● Work instruction
Starting with the line that contains "this 983×553 image.", copy every line through the end of the listing, exactly and only those. No pictures should appear in the copy.

────────────────────────────────────────

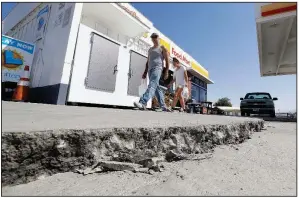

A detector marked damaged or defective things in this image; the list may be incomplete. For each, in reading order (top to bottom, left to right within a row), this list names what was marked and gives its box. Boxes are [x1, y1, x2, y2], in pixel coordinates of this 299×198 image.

broken concrete slab [1, 101, 264, 186]
cracked asphalt [2, 122, 298, 196]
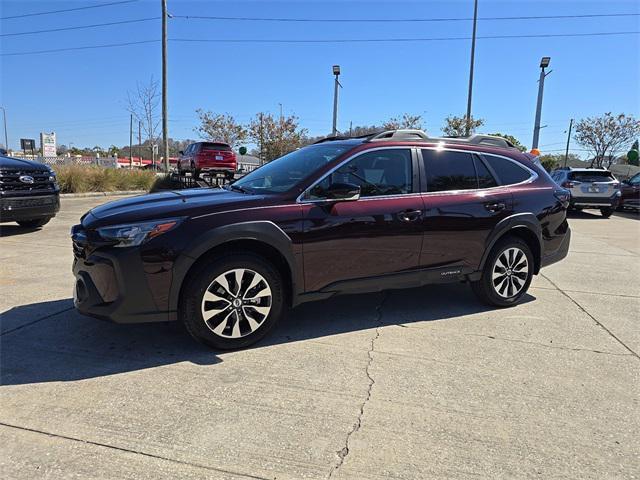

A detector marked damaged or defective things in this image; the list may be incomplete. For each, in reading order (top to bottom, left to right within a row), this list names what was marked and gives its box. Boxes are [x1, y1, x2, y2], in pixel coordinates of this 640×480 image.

crack in pavement [328, 290, 388, 478]
crack in pavement [462, 334, 632, 356]
crack in pavement [540, 274, 640, 360]
crack in pavement [0, 422, 268, 478]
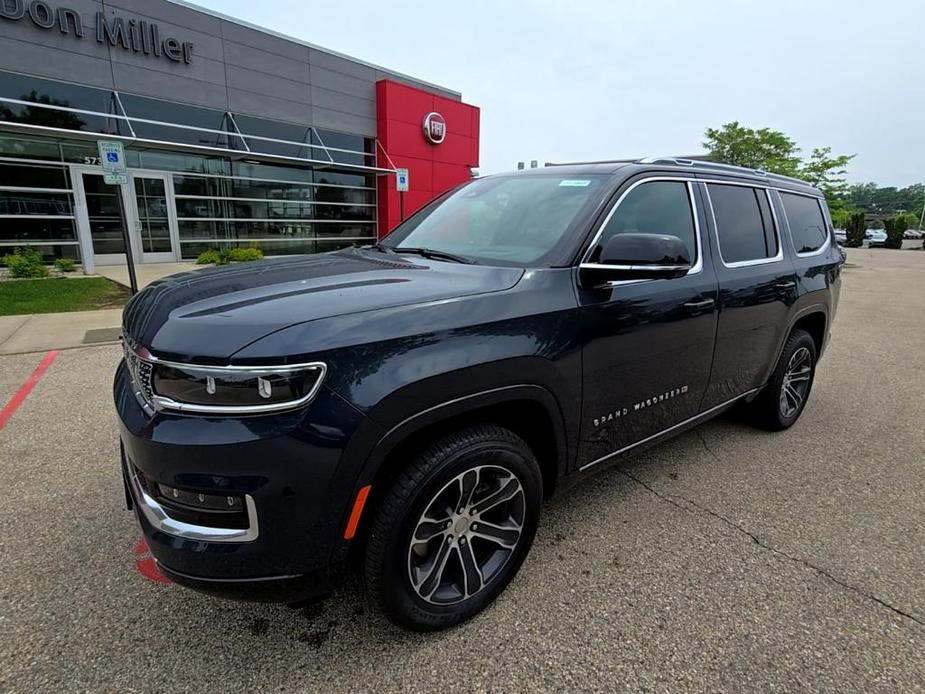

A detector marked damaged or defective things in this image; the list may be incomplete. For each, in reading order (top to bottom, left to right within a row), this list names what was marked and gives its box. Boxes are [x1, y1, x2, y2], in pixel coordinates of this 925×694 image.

parking lot crack [612, 470, 924, 632]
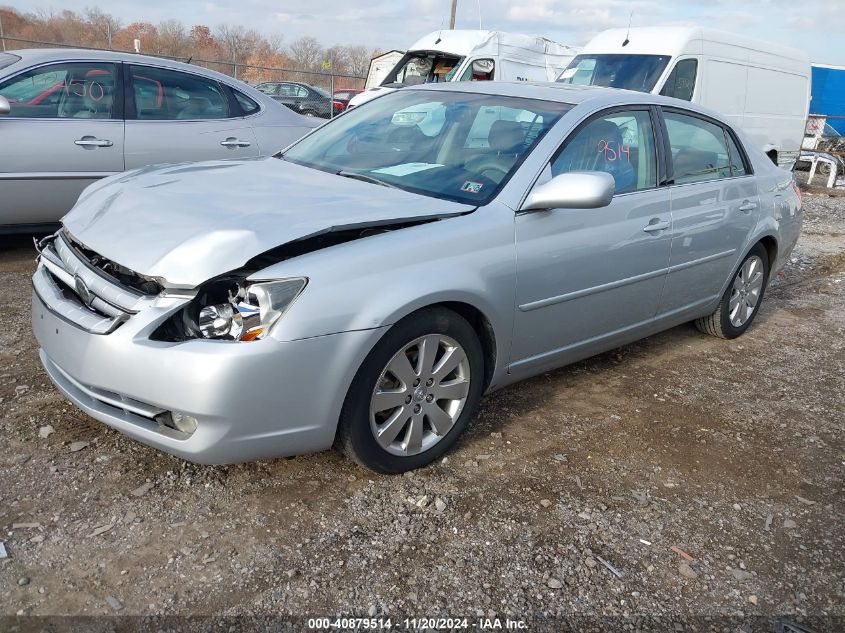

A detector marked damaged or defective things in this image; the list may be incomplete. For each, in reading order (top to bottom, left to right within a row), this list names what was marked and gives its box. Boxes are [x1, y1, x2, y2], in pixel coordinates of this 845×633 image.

crumpled hood [64, 157, 474, 288]
damaged front bumper [29, 235, 386, 462]
broken headlight [157, 278, 304, 344]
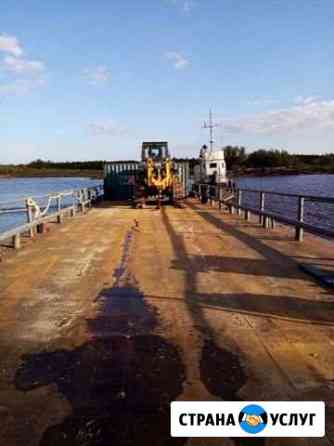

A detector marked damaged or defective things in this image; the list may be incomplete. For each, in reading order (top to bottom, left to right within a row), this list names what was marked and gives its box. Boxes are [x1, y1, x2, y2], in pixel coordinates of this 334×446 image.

rusty ferry deck [0, 199, 334, 446]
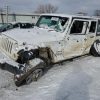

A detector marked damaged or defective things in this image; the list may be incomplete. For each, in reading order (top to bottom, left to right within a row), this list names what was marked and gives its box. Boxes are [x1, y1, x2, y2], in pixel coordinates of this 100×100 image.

shattered windshield [36, 15, 69, 32]
crumpled hood [1, 26, 63, 45]
damaged white suv [0, 13, 99, 86]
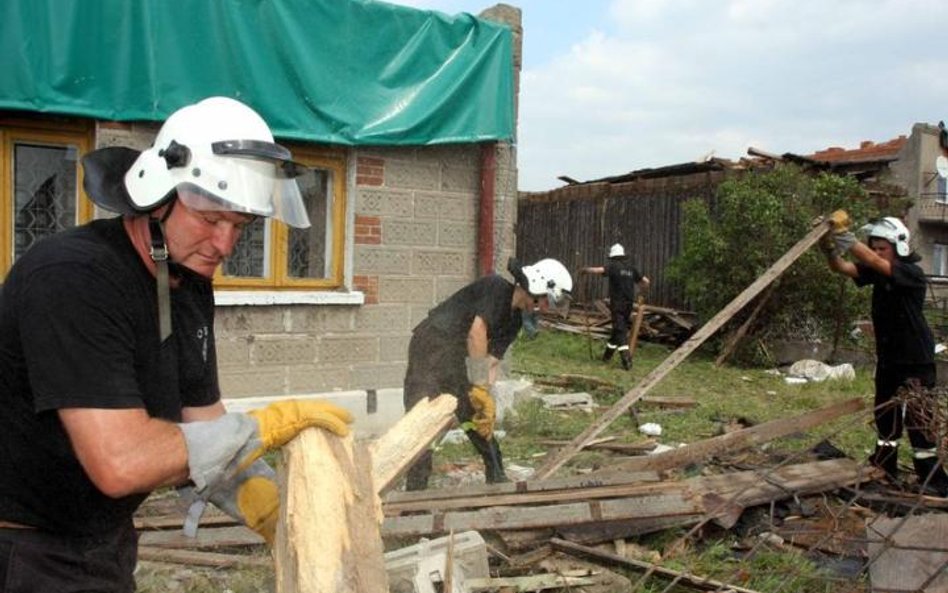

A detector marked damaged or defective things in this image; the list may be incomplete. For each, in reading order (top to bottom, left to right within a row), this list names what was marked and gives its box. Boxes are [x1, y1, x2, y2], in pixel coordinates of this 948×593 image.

torn wood [536, 220, 832, 478]
torn wood [368, 390, 458, 492]
torn wood [592, 396, 868, 474]
torn wood [274, 428, 388, 588]
torn wood [548, 536, 764, 592]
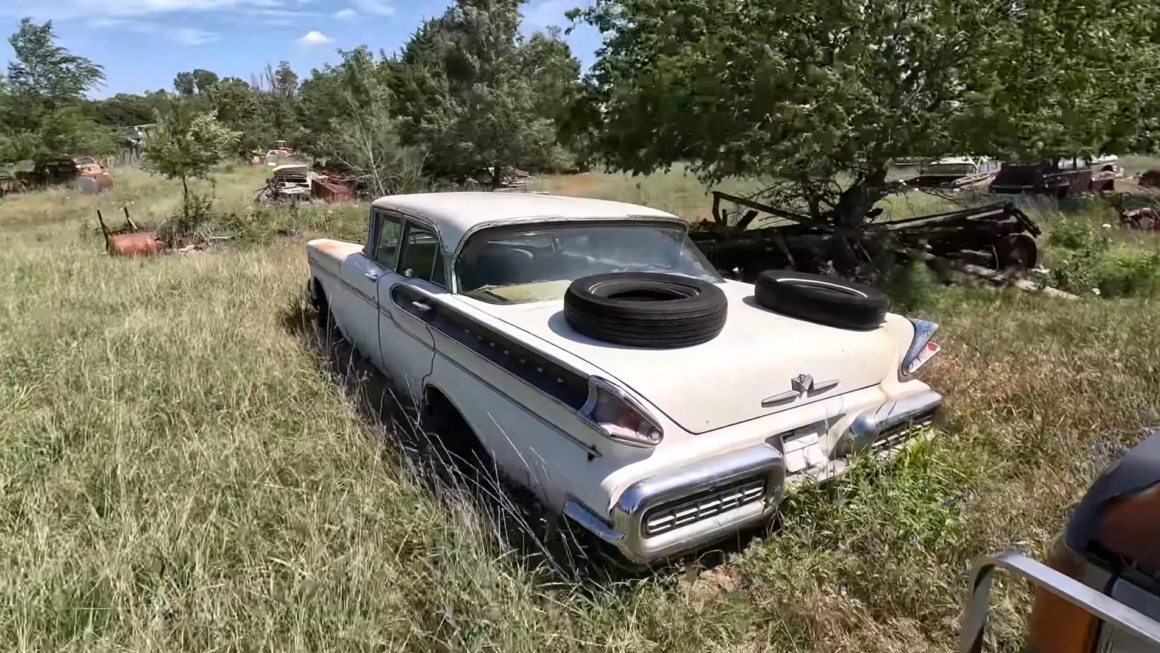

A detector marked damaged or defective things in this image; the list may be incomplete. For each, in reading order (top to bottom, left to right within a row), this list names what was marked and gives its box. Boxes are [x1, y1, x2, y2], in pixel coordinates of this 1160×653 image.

rusty metal debris [96, 208, 162, 256]
rusted truck frame [686, 190, 1044, 279]
abandoned car body [301, 191, 941, 563]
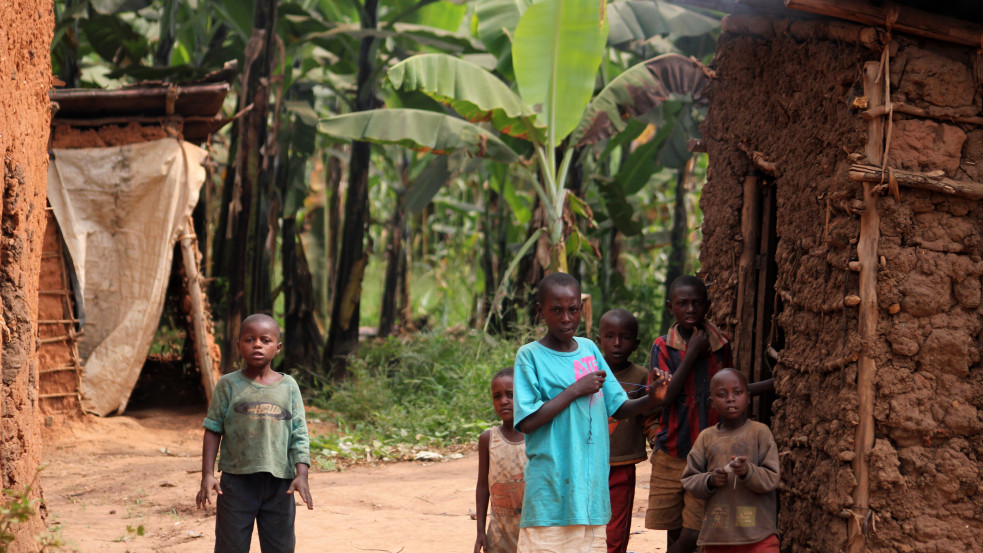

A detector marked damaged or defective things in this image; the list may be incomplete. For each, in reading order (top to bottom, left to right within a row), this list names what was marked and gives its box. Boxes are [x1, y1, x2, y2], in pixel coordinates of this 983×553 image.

cracked mud wall [1, 1, 53, 548]
cracked mud wall [700, 23, 983, 552]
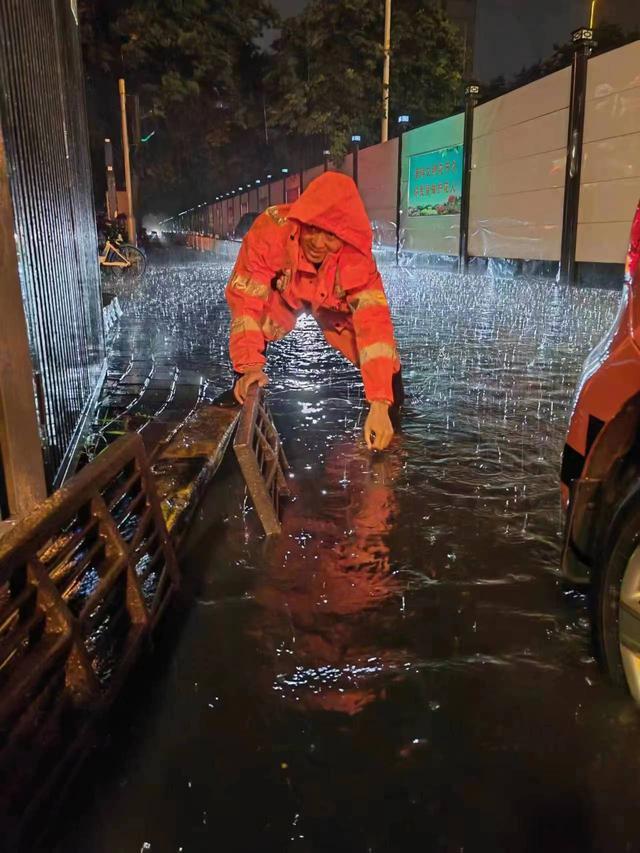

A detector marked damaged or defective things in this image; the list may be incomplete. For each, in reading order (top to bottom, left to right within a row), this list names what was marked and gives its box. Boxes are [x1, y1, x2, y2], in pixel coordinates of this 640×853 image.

rusty metal grate [0, 436, 178, 844]
rusty metal grate [234, 386, 288, 532]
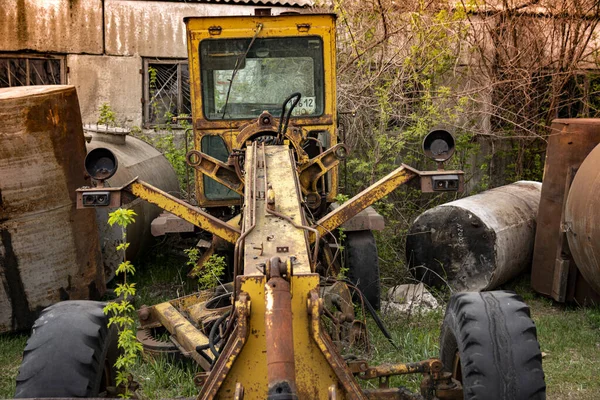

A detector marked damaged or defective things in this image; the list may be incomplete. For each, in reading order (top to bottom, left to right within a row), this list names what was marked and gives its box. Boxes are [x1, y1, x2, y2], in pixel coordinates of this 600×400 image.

rusted metal panel [0, 0, 103, 54]
rusty metal tank [0, 86, 103, 332]
rusty barrel [0, 86, 103, 332]
rusted metal panel [0, 86, 103, 332]
rusty metal tank [84, 124, 179, 278]
rusty metal tank [406, 181, 540, 290]
rusty barrel [406, 181, 540, 290]
rusted metal panel [410, 181, 540, 290]
rusted metal panel [532, 117, 600, 302]
rusty barrel [564, 143, 600, 294]
rusty metal tank [564, 142, 600, 296]
rusted metal panel [568, 142, 600, 296]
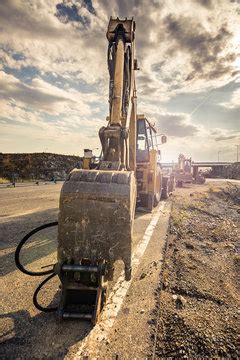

────────────────────────────────────────

● Solution to the problem
A detector marked damaged or defective things in this image; the list may be incomplete. For each, in reading order (top to bottom, left to right within a row), this list names what was marked and gives its box. Boxes are [x1, y1, x2, y2], in pixel coordinates of this 983×553 image.

cracked mud wall [1, 1, 53, 548]
cracked mud wall [700, 23, 983, 552]

A detector marked damaged or defective things in this image; the list may be incomplete. For each, in reading order (top to bottom, left to right within a row), this list names what was marked and gives its box. Boxes are [x1, y1, x2, y2], in pixel coordinates of this 640×853 image.

rusty metal grate [0, 436, 178, 844]
rusty metal grate [234, 386, 288, 532]

A detector marked damaged or defective things in this image; the list may be incomplete. For each, in reading order (top to bottom, left to right within a row), this list names what was marked and gives its box. Boxes are [x1, y1, x2, y2], in pixel coordinates of this 600×400 image.

rusted metal panel [0, 0, 103, 54]
rusty metal tank [0, 86, 103, 332]
rusty barrel [0, 86, 103, 332]
rusted metal panel [0, 86, 103, 332]
rusty metal tank [84, 124, 179, 278]
rusty metal tank [406, 181, 540, 290]
rusty barrel [406, 181, 540, 290]
rusted metal panel [410, 181, 540, 290]
rusted metal panel [532, 117, 600, 302]
rusty barrel [564, 143, 600, 294]
rusty metal tank [564, 142, 600, 296]
rusted metal panel [568, 142, 600, 296]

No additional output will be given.